→ **What to do**
Up through the line that contains "excel财务建模课程目，excel财务建模工具和用法", retype the entries exactly, beginning at the very first line.

→ **Dataset excerpts**

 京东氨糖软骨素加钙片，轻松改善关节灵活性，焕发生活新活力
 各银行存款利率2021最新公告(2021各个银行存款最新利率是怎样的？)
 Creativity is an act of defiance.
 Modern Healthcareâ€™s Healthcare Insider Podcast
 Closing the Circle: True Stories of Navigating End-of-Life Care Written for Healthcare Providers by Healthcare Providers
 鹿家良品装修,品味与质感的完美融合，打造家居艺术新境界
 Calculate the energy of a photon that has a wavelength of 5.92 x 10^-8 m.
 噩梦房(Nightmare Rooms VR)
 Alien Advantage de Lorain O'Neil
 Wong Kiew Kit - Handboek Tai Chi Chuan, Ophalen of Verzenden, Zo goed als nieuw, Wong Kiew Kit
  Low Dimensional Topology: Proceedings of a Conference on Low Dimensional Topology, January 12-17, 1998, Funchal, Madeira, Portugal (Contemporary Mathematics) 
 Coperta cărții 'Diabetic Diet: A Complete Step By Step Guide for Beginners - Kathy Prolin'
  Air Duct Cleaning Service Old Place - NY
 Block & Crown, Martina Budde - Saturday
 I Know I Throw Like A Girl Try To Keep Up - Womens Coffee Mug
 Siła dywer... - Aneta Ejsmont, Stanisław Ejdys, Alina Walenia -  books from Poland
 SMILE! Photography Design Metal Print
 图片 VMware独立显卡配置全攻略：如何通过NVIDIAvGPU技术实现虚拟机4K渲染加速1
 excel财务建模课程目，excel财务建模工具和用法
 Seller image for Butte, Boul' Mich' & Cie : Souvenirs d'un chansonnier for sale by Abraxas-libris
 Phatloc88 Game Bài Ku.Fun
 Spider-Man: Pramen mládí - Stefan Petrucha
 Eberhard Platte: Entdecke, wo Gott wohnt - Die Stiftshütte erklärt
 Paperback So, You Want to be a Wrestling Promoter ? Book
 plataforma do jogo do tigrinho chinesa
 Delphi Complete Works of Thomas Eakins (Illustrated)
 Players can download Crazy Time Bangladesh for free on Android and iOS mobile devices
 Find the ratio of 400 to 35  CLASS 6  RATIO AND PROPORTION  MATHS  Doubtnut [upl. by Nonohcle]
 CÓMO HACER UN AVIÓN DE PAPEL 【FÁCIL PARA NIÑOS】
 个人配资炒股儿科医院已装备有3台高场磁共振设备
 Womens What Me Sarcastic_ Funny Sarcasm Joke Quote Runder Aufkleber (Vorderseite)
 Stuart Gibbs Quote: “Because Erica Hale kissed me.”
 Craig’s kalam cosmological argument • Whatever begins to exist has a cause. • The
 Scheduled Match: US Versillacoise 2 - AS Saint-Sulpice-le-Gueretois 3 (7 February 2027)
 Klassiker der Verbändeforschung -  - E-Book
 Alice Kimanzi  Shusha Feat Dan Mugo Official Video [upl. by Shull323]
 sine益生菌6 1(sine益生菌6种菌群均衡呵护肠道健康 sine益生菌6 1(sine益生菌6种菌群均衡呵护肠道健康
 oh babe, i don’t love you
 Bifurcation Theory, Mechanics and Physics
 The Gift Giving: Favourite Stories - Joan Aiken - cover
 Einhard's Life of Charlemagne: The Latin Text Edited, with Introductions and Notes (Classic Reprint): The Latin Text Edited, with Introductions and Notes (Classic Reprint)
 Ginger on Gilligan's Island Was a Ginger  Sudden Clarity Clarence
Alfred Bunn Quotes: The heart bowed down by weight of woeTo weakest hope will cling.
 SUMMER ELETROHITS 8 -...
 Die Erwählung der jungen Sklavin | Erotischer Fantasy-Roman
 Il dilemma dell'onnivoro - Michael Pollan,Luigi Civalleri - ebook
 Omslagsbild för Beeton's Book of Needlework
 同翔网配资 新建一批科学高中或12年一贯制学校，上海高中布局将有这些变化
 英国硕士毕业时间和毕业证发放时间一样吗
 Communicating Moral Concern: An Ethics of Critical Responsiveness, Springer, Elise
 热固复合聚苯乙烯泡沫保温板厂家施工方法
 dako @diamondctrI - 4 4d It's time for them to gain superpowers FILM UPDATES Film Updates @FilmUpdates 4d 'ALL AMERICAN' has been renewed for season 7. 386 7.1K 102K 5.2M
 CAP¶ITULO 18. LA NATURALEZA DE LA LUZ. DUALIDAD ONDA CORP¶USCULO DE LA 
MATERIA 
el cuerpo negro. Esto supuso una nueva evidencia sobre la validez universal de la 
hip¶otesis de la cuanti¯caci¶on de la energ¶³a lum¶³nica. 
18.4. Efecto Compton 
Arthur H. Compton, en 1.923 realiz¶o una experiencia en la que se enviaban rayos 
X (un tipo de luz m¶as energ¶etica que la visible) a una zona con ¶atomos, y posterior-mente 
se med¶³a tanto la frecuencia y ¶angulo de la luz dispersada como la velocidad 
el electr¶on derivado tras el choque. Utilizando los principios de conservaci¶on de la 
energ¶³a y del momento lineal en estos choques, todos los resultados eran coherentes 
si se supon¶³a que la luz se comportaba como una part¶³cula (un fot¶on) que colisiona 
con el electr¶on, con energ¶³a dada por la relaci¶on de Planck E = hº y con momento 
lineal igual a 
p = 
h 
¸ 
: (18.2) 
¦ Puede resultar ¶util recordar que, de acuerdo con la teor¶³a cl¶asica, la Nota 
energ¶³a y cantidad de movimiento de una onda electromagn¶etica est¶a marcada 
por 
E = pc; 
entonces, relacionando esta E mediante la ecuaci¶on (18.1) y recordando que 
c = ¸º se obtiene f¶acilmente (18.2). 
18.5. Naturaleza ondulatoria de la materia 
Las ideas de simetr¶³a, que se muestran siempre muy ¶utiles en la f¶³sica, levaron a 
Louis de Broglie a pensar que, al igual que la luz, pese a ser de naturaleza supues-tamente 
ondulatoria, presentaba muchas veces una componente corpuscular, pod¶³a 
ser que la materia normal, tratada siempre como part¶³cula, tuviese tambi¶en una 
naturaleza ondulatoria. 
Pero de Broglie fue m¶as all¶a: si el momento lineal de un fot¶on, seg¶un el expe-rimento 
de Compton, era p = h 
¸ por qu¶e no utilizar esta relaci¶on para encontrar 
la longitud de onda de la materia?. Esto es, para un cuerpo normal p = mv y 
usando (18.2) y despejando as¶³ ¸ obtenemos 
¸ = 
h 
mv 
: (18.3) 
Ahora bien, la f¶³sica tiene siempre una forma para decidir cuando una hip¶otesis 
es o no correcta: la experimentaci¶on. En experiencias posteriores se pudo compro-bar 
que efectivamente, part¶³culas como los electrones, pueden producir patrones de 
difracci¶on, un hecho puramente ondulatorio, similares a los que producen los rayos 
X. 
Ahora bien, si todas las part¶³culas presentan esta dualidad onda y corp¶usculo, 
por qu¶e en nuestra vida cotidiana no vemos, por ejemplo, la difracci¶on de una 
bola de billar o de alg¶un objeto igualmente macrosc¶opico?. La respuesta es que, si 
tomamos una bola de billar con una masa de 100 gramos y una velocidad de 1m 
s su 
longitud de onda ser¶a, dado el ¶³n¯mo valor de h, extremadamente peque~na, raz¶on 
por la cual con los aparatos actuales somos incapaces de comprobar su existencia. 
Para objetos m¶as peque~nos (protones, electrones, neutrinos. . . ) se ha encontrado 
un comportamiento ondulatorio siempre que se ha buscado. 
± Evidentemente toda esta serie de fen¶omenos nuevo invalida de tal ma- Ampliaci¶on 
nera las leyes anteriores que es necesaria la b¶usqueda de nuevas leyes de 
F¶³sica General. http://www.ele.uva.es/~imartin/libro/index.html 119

→ **Result below**
 京东氨糖软骨素加钙片，轻松改善关节灵活性，焕发生活新活力
 各银行存款利率2021最新公告(2021各个银行存款最新利率是怎样的？)
 Creativity is an act of defiance.
 Modern Healthcareâ€™s Healthcare Insider Podcast
 Closing the Circle: True Stories of Navigating End-of-Life Care Written for Healthcare Providers by Healthcare Providers
 鹿家良品装修,品味与质感的完美融合，打造家居艺术新境界
 Calculate the energy of a photon that has a wavelength of 5.92 x 10^-8 m.
 噩梦房(Nightmare Rooms VR)
 Alien Advantage de Lorain O'Neil
 Wong Kiew Kit - Handboek Tai Chi Chuan, Ophalen of Verzenden, Zo goed als nieuw, Wong Kiew Kit
  Low Dimensional Topology: Proceedings of a Conference on Low Dimensional Topology, January 12-17, 1998, Funchal, Madeira, Portugal (Contemporary Mathematics) 
 Coperta cărții 'Diabetic Diet: A Complete Step By Step Guide for Beginners - Kathy Prolin'
  Air Duct Cleaning Service Old Place - NY
 Block & Crown, Martina Budde - Saturday
 I Know I Throw Like A Girl Try To Keep Up - Womens Coffee Mug
 Siła dywer... - Aneta Ejsmont, Stanisław Ejdys, Alina Walenia -  books from Poland
 SMILE! Photography Design Metal Print
 图片 VMware独立显卡配置全攻略：如何通过NVIDIAvGPU技术实现虚拟机4K渲染加速1
 excel财务建模课程目，excel财务建模工具和用法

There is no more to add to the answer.